Abstract:
Fenomena jasa titipan (jastip) berkembang seiring perkembangan teknologi yang
ada dan didukung oleh keinginan memiliki suatu barang yang memiliki nilai ekonomi
maupun prestise yang tinggi di masyarakat. Jastip sudah marak sejak Tahun 2017,
puncaknya pada Tahun 2019 semakin marak karena dirasa sudah mengganggu produk
dalam negeri terlebih menghindari dari ketentuan pajak yang ada. Karena bagi pihak yang
pandai melihat peluang, jastip dijadikan kesempatan berusaha bahkan menjadi profesi yang
didukung. Rumusan masalah penelitian ini yaitu, Pengaturan hukum tentang usaha jasa
titip luar negeri yang diduga sebagai bentuk tindak pidana penggelapan barang impor, Apa
faktor penyebab terjadinya penggelapan barang impor oleh pelaku usaha jasa titip luar
negeri, dan Pertanggungjawaban pelaku usaha yang melakukan penggelapan barang impor.

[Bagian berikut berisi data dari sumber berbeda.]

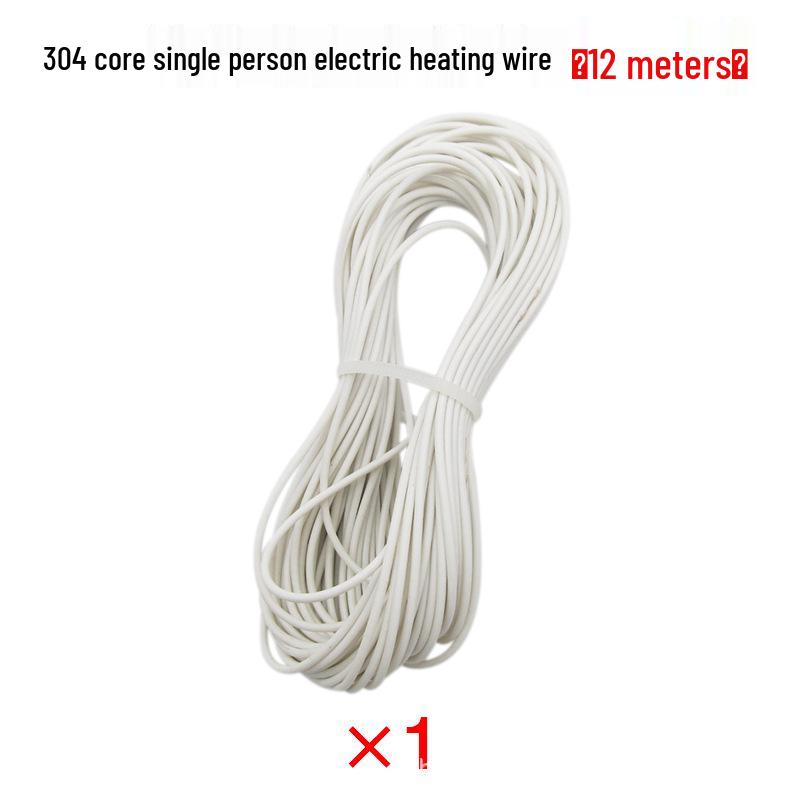 Single/Double Electric Blanket Heating Wire: 12m/20m Lengths, Thickened Design for Enhanced Warmth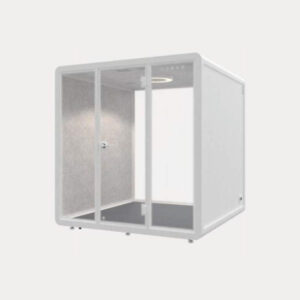 Modern Soundproof Office Pods - H Series - 2L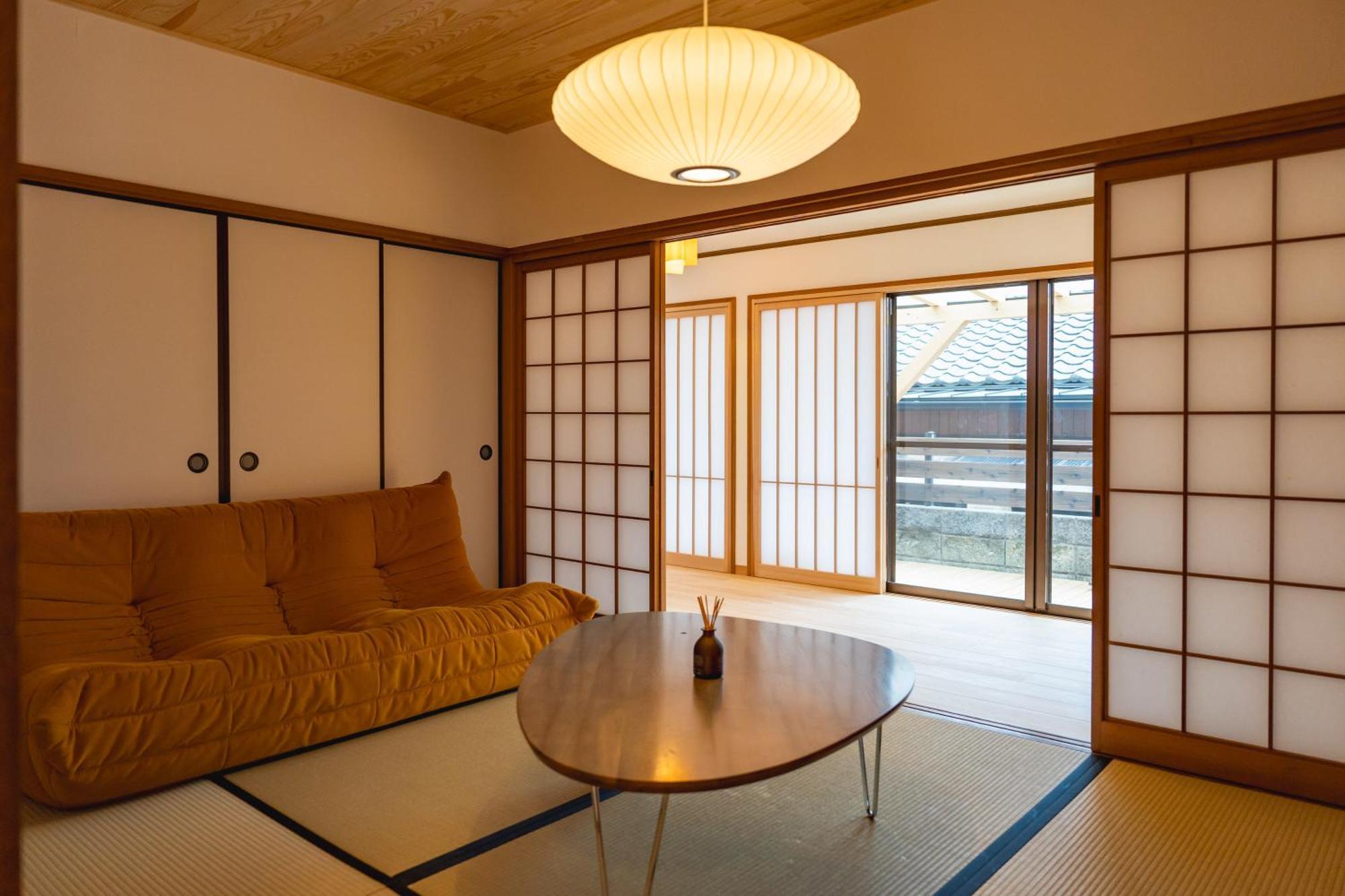 直島町 Juju Kiseki Houseヴィラ エクステリア 写真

Jenis penelitian ini adalah penelitian hukum normatif dengan pendekatan Undang undang (statue approach). Sumber bahan hukum yang digunakan dalam melakukan
penelitian ini yaitu, data kewahyuan, dan data sekunder. Alat pengumpul data yang
digunakan dalam penelitian ini yaitu menggunakan studi documentasi.
Berdasarkan hasil penelitian dipahami bahwa Pengaturan hukum tentang usaha
jasa titip luar negeri, pelaku usaha jasa titip mengikuti aturan bea masuk terhadap barang
yang dibawa dari luar negeri untuk diperjual belikan di Indonesia. Aturan tersebut mengacu
pada Undang-undang No. 17 Tahun 2006 tentang Kepabeanan. ketentuan membawa
barang-barang dari luar negeri telah diatur dalam Peraturan Menteri Keuangan (PMK)
Nomor 203/PMK.04/2017 menetapkan pembebasan bea masuk FOB USD 500 (lima ratus
United States Dollar). Ketentuan yang seharusnya digunakan untuk barang milik pribadi
(personal use) justru dimanfaatkan oleh pelaku usaha jasa titip untuk membawa barang
titipan untuk diperjual belikan. Hal ini dapat dikategorikan pelanggaran dibidang
kepabeanan. Pertanggungjawaban pelaku usaha jasa titip luar negeri yang melakukan
penggelapan pajak dan barang Impor, dapat dikenanakan pajak apabila melebihi ketentuan
yang telah ditetapkan, dan sanksi administrasi berupa pembayaran kekurangan pajak dan
bea masuk berupa denda minimal 1 juta dan maksimal 50 juta, dan atau sanksi pidana Pasal
102 sampai dengan Pasal 111. Sanksi minimal pidana penjara 1 (satu) tahun dan maksimal
10 (sepuluh) tahun, dan denda minimal 50 juta rupiah dan maksimal 5 milyar rupiah.